Review: ‘Sleepwalk With Me’
A Comedy For Anyone Who Ever Had A Dream… And Then Jumped Out A Window
Friday, September 14, 2012
"Sleepwalk With Me" (opening September 14th at Landmark's Hillcrest Cinemas) is the story of a simple minded up-and-coming comedian and his struggle with career, romance, and REM sleep behavior disorder.
Mike Birbiglia delivers a pleasant surprise with his first (mostly) serious film, "Sleepwalk With Me." I was surprised not only with the relatable writing and scenarios he put himself in, but the engaging roles of Matt Pendamiglio (played by Birbiglia) and Abby (the incredibly beautiful Lauren Ambrose). Matt and Abby's relationship feels most real during its hardest points. It becomes familiarly uncomfortable (not quite "(500) Days of Summer" uncomfortable, but bad). Matt travels on the road extensively, and on a moment's notice, to pave his way on the comedy circuit, leaving his better half at home.
This new lifestyle Matt finds himself in, on the road, away from home, performing "real" shows, also severely exacerbates his new sleeping condition, REM sleep behavior disorder.
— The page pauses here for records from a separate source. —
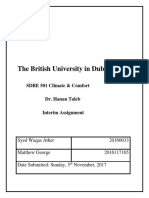 The British University in Dubai: SDBE 501 Climate & Comfort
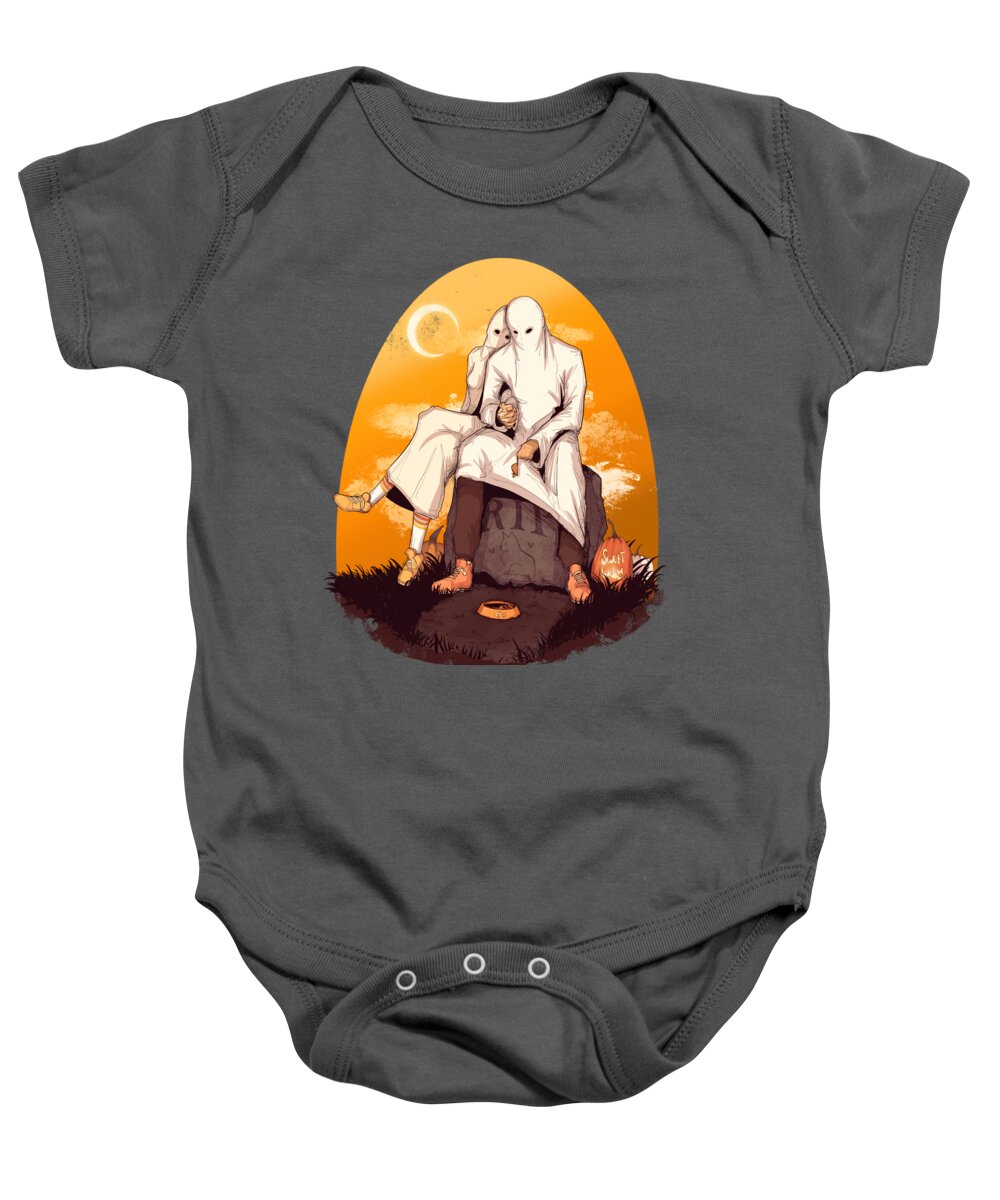Rip Baby Onesie featuring the drawing Tradition by Ludwig Van Bacon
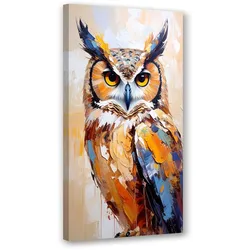 LEINWANDBILD Eule Vogel Natur Malerei Imitation 50x100cm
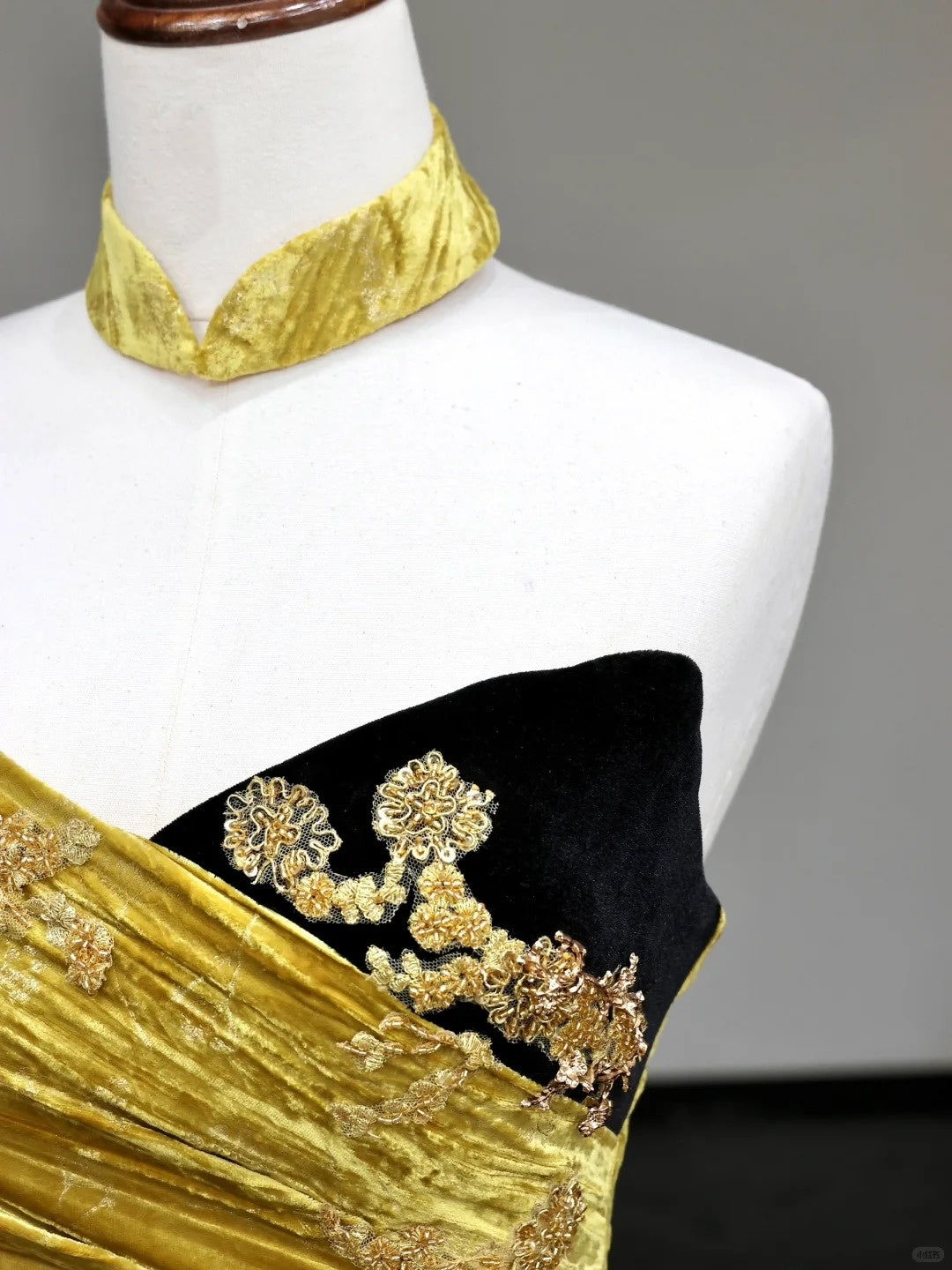 formaldressy -Yellow floral long velvet prom dress evening dress party dress gh5117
And while this sleep disorder aspect of the story seems the crux of Birbiglia's idea for his film, I don't find it completely necessary. Birbiglia's take on comedians' unique lifestyle and career challenges is compelling enough for me, and what keeps my interest most.
But I grew up watching stand up comedy (Mitch Hedberg and Brian Regan are among my childhood favorites), and I love watching films and shows about comedians. Perhaps they are so appealing because of the ironic truth that those who live to make others laugh, really feel miserable and pointless off stage.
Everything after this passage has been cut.